= Beginning of Section =
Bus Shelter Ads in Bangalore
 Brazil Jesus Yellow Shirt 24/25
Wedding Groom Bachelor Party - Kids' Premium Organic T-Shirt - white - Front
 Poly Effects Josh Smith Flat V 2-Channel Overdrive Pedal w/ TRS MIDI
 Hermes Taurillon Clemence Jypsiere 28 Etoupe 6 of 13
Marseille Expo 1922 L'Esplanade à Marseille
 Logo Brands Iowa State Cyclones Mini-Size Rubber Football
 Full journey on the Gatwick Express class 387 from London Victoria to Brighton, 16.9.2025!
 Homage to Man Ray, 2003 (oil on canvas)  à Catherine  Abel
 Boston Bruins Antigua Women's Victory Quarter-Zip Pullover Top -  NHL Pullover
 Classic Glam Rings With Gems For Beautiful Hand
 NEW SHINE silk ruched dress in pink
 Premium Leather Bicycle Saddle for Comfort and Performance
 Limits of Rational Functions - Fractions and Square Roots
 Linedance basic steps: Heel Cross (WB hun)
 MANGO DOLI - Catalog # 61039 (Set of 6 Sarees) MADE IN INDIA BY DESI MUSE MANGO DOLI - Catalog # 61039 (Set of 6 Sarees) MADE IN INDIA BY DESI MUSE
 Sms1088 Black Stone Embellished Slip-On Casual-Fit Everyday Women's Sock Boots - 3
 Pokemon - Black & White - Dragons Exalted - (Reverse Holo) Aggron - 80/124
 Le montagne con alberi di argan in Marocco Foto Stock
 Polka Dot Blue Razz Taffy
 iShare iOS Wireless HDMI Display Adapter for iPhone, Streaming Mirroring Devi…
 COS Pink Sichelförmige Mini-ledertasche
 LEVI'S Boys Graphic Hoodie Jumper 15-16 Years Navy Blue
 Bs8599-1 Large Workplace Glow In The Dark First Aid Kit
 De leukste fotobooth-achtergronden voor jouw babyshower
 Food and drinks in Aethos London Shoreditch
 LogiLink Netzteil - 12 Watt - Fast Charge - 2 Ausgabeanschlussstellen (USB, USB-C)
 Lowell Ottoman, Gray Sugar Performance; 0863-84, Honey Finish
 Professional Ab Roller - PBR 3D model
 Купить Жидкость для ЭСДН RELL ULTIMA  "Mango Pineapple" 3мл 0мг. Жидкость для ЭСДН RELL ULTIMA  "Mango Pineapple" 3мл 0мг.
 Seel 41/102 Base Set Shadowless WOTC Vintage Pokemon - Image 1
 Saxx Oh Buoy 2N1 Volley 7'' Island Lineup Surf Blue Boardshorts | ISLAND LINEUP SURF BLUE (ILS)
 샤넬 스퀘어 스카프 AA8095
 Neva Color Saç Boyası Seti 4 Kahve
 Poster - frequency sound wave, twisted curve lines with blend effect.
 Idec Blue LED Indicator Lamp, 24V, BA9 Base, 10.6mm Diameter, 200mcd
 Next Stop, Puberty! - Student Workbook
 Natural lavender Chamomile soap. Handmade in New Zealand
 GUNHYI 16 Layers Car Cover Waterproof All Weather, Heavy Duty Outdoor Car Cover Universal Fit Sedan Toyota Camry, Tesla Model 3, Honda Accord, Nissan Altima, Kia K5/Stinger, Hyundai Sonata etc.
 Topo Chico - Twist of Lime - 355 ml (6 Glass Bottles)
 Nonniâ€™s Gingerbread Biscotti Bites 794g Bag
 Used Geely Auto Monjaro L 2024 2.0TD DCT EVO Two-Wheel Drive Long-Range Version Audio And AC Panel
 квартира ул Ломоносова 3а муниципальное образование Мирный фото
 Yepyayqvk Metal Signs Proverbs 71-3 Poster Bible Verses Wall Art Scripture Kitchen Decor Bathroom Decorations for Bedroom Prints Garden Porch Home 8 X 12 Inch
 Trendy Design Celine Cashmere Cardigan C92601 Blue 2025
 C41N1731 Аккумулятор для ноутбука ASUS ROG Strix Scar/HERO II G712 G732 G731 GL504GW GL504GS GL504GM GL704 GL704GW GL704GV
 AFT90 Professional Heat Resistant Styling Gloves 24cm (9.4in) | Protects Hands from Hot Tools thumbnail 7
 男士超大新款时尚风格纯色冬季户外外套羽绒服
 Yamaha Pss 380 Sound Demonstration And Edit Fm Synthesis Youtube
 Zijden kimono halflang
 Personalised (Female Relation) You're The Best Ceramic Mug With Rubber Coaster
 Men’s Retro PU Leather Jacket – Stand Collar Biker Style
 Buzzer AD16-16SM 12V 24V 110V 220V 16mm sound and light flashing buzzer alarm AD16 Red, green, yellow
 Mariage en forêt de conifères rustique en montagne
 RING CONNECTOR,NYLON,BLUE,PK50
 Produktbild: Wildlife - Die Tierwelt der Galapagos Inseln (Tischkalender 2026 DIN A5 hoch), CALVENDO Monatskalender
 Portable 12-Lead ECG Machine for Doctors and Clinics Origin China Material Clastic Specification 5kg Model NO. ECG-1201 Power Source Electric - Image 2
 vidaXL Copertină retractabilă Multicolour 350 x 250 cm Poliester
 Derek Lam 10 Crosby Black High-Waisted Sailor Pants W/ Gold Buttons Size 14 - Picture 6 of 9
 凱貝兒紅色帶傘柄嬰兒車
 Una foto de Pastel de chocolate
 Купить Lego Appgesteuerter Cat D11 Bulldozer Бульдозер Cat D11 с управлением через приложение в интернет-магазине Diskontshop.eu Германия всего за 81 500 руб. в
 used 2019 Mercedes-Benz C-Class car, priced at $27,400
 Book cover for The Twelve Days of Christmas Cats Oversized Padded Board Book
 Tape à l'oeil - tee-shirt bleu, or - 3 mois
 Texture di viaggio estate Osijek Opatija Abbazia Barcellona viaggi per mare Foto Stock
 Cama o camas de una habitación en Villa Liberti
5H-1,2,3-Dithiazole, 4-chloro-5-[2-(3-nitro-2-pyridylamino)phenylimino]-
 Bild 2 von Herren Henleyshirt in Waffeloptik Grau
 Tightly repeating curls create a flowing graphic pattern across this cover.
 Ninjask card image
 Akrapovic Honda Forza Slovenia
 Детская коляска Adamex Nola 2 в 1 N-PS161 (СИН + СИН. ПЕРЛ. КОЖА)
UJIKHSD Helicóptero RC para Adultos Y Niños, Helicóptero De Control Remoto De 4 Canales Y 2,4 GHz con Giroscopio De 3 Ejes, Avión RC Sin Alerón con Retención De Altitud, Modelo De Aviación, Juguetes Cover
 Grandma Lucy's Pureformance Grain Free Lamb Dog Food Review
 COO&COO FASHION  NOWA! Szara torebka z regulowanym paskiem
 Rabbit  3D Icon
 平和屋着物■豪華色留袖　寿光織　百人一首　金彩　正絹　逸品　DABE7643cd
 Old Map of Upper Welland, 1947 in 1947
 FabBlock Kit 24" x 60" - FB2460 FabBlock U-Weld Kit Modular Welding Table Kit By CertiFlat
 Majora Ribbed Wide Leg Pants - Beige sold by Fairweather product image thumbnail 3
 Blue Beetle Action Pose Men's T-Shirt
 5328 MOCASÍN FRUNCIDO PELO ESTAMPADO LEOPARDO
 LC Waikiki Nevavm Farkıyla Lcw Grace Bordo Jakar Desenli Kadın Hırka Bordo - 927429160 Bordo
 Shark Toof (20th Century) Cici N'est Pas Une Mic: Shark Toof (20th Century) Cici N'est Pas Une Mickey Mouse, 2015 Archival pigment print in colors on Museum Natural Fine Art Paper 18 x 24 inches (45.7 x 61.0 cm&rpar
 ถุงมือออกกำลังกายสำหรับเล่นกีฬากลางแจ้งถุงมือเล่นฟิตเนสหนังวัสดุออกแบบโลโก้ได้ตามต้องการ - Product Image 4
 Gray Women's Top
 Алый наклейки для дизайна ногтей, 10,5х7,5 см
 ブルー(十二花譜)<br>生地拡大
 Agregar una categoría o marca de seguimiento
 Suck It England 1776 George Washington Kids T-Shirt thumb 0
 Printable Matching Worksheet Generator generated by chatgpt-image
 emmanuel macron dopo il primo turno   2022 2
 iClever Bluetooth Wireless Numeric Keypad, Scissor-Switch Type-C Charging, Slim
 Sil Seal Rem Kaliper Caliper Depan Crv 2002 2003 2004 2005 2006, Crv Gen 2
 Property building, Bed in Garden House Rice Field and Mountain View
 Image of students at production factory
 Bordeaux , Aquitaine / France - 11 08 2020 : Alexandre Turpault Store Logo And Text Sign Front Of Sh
= End of Section =
> **EXERCISE DESCRIPTION**: Considering each line of the records on its own, count those that contain "Women" and give only that number.

> **ANSWER SPACE**: 3